At first, I couldn’t look at a person jogging in the street without wanting to cry. It felt as if I was losing something precious – exercise was integral to my life, it helped my chronic anxiety, and I had worked so hard to become a personal trainer. I remember having to hold in the tears as I taught my final spinning class, off the bike. The lessons weren’t the same without the endorphin rush.

Then there was the issue of my health. I was lethargic all the time and my joints were constantly inflamed. Some days I could walk for miles and on other days just making breakfast left me exhausted. My hips and knees would not cooperate, and even sitting down on the toilet became painful. Whenever I went out, I’d need to use the disabled toilets and I could feel people looking at me and judging.

After three years of living with Ehlers-Danlos Syndrome, this has become my new normal. I choose wisely where I spend my energy – I moved house recently, and two days of moving items caused a flare up for a week. I’ve made peace now with the fact that I’ll never be able to do some of the things I used to do, like CrossFit, or sprinting. I have also come to terms with the idea that one day I may need a knee replacement or use a walking stick. I try not to be sorry for myself, but I definitely understand why there needs to be more awareness around invisible disabilities.

“With the outbreak of coronavirus, and the implications of long COVID, I feel that workplaces are starting to have a better understanding of invisible disabilities”

With the outbreak of coronavirus, and the implications of long COVID, I feel that workplaces are starting to have a better understanding of invisible disabilities. They’re beginning to acknowledge that for people like me, working from home is a great solution – I have proved that I can deliver all of my work from home, and it has massively helped my exhaustion levels. 
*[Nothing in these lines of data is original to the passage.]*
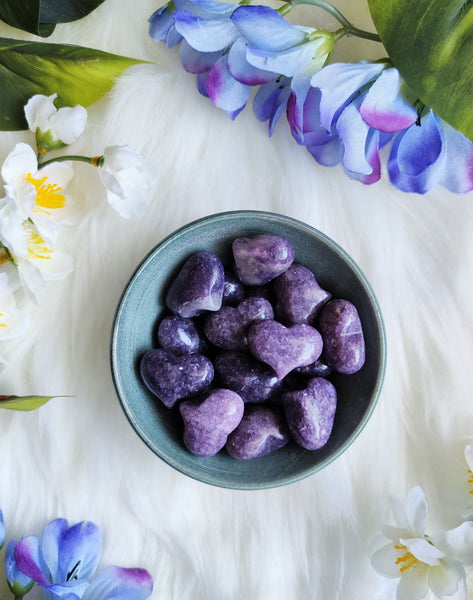 Dainty Lepidolite Puffy Heart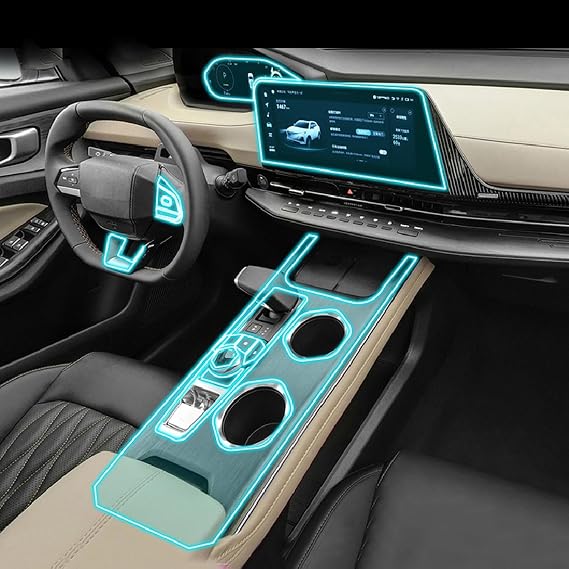 Car Interior Center Console Transparent TPU Protective Film Anti-Scratch Repair Film Accessories for Changan CS55 Plus 2022-2023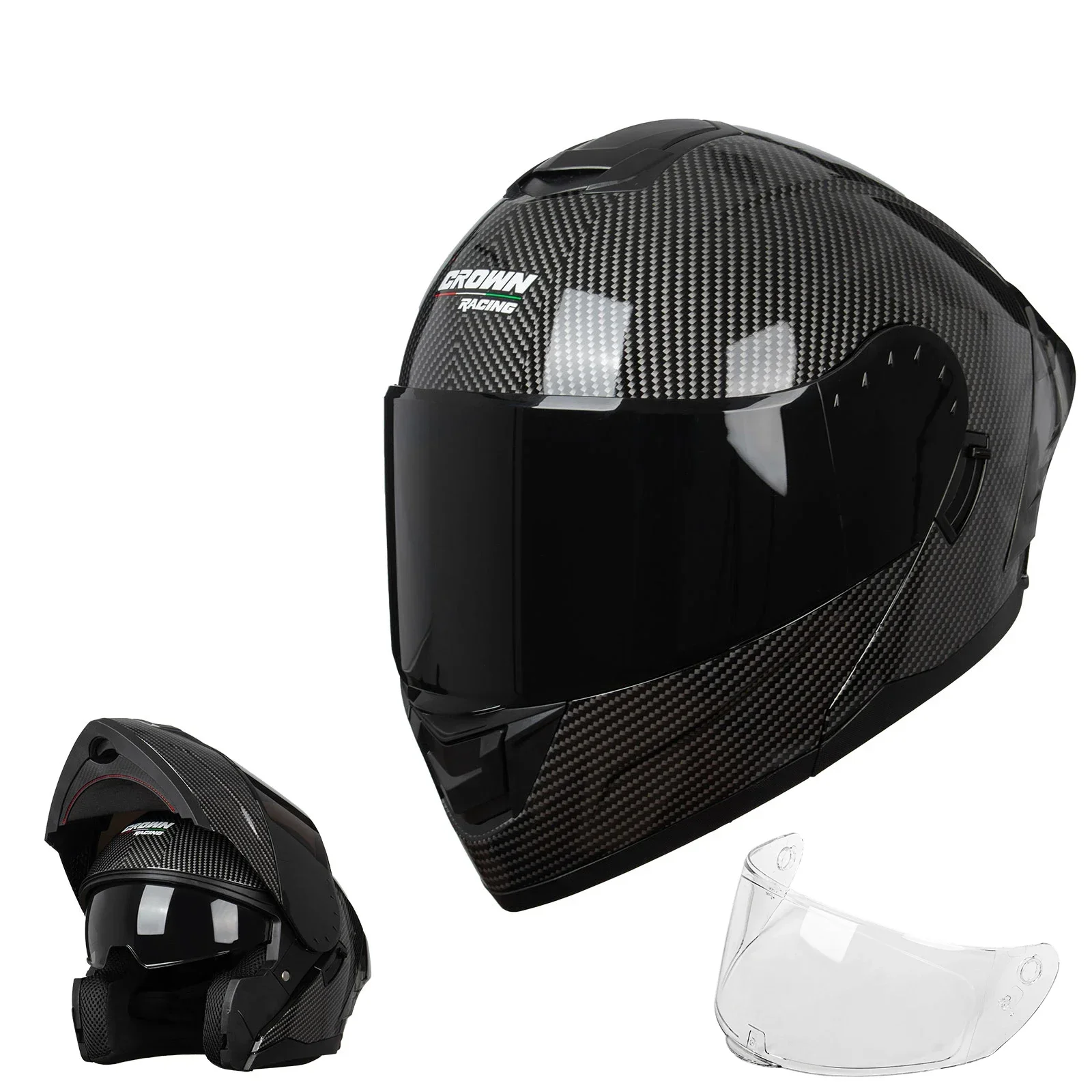 Crown Racing FL900 Modular Mot - Dual Visor Motorcycle Racing Helmet ulasan dan harga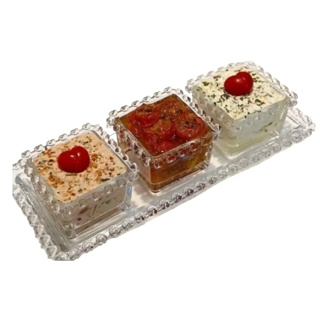 Kit 4 Peças Travessa + 3 Bowls Molhos Aperitivo Travessa Petiscos Lyor Cristal em Oferta na Shopee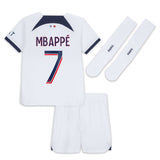 Paris Saint-Germain Nike Away Stadium Kit 2023-24 - Little Kids with Mbappé 7 printing - Kit Captain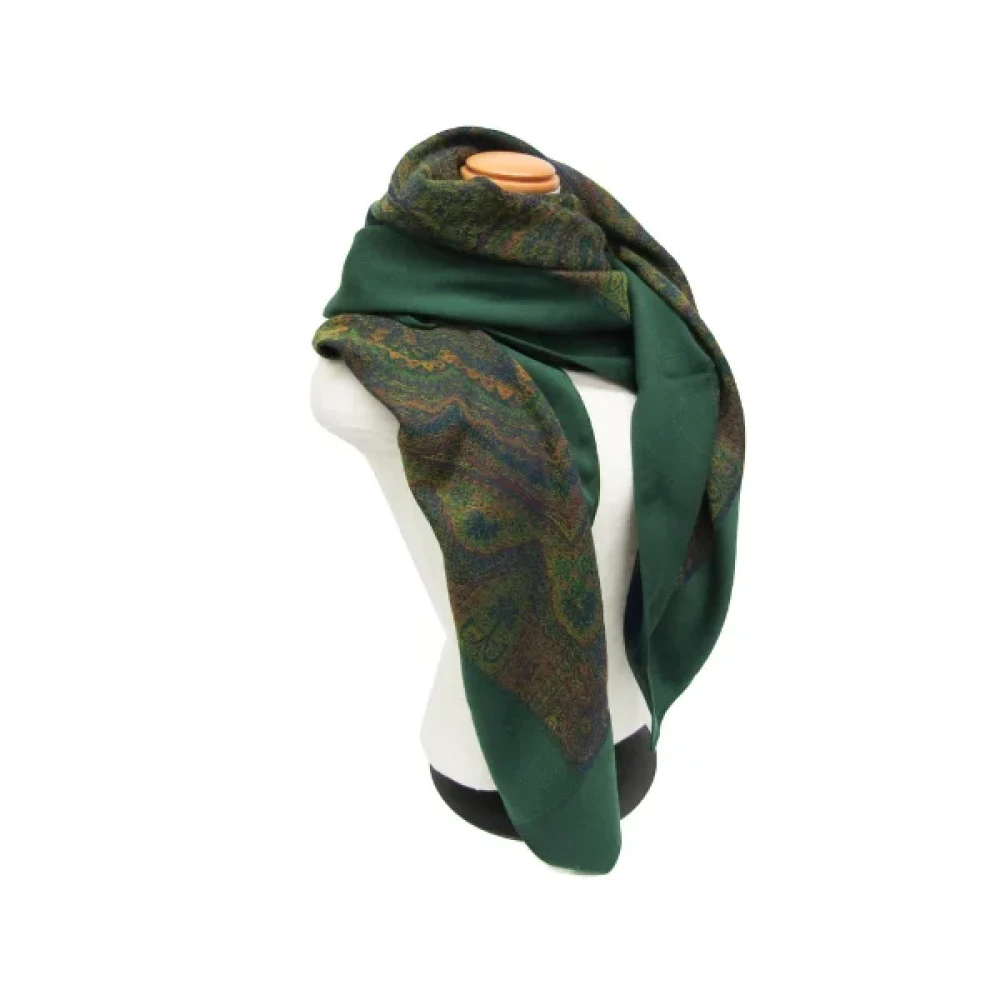 Dior Vintage Pre-owned Wool scarves Green Dames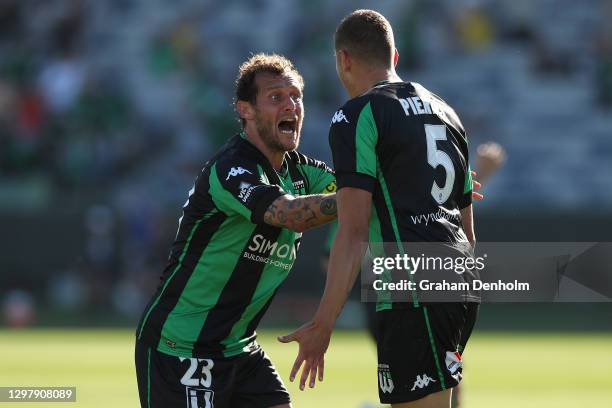 Dylan Pierias of Western United celebrates his second goal with teammate Alessandro Diamanti during the A-League match between Western United and the...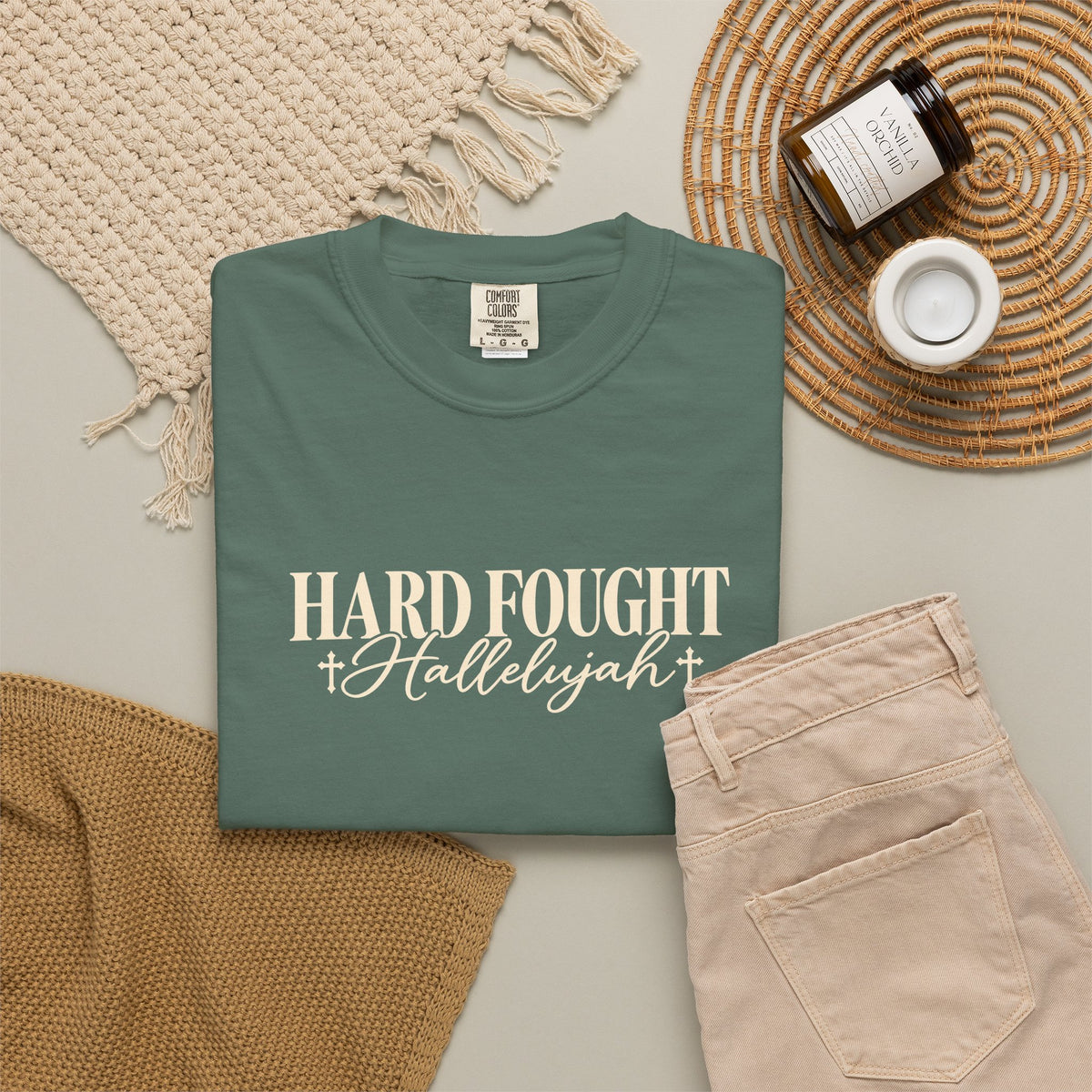Hard Fought Hallelujah T Shirt Inspirational Christian Graphic Tee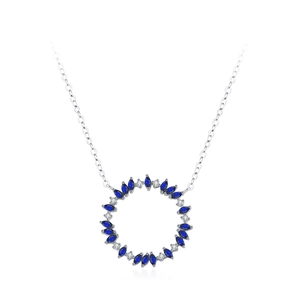 Collier en argent 925 avec pendentif tournesol en saphir bleu et diamants brillants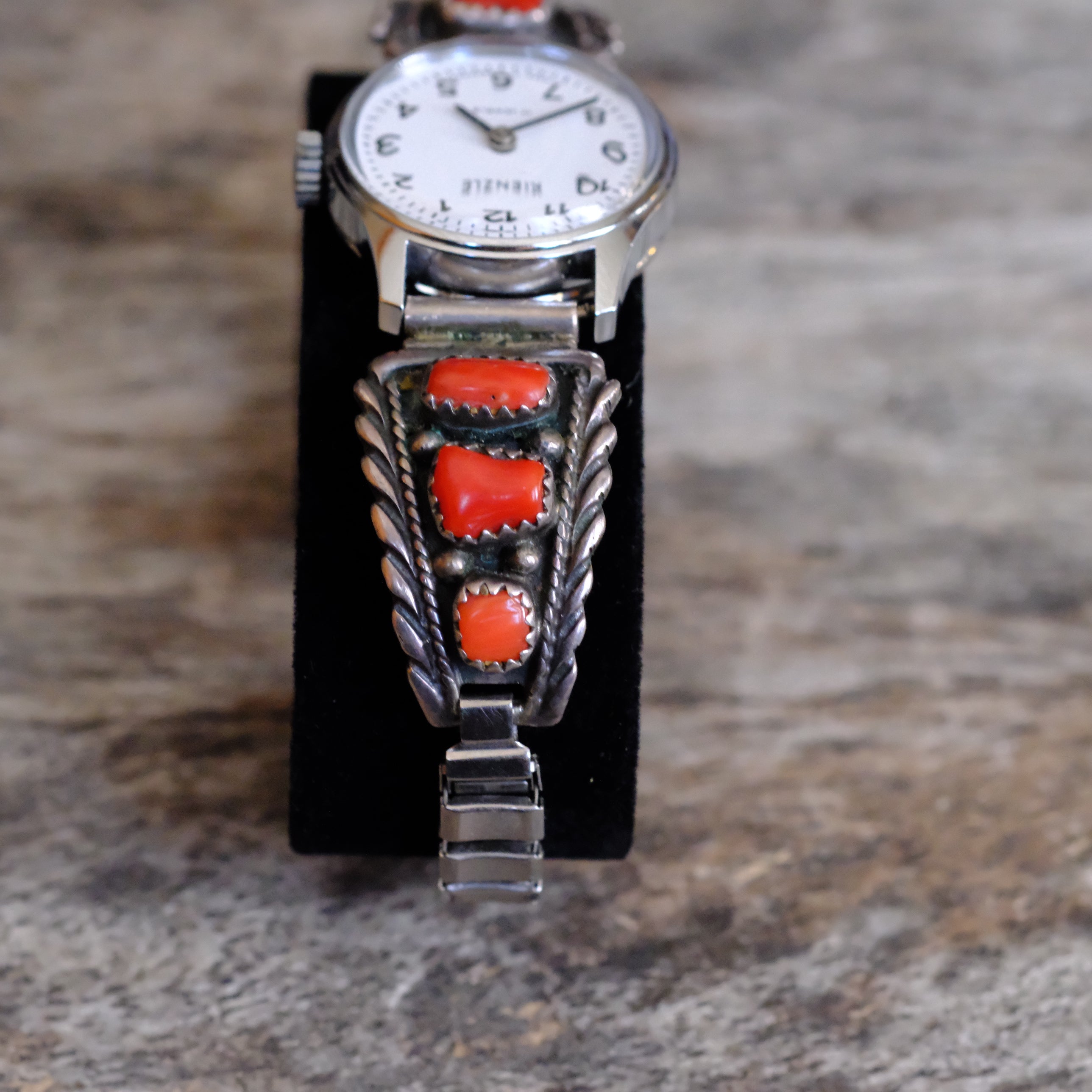 Vintage Sterling Coral Ladies Watch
People with invisible disabilities often refer to themselves as being a “spoonie”. The spoon theory, which was coined by Christine Miserandino, is the idea that a spoon is a unit of energy, and you have a limited number of spoons per day. You have to allocate those spoons carefully, because once they’re used up, they’re gone. When I was physically commuting to and from work pre-lockdown, I found that by the time I got home, my spoons were used up, rendering me unable to exercise, cook dinner, or do anything other than lie on my bed.

It can be annoying sometimes when family members tell me to “try harder” or say that I’m exaggerating when I say I can’t do something. My reply is always the same. That I know my own condition and I know my own physical limitations. 

I wear a badge with a disabled sign that says “please offer me a seat” when using the train, and most of the time people have been kind and offered me their seat. Other times when the train is packed to its brim, I have had to stand and endure my joint pain through gritted teeth, or even sit on the floor in the middle of a crowded carriage.

I won’t lie – I still miss my old life as a “fitness influencer” as I was doing a job I was passionate about, but I try to focus on what I can do. I can walk, I’m good at Pilates and I can still get my body into positions a lot of people wish they could.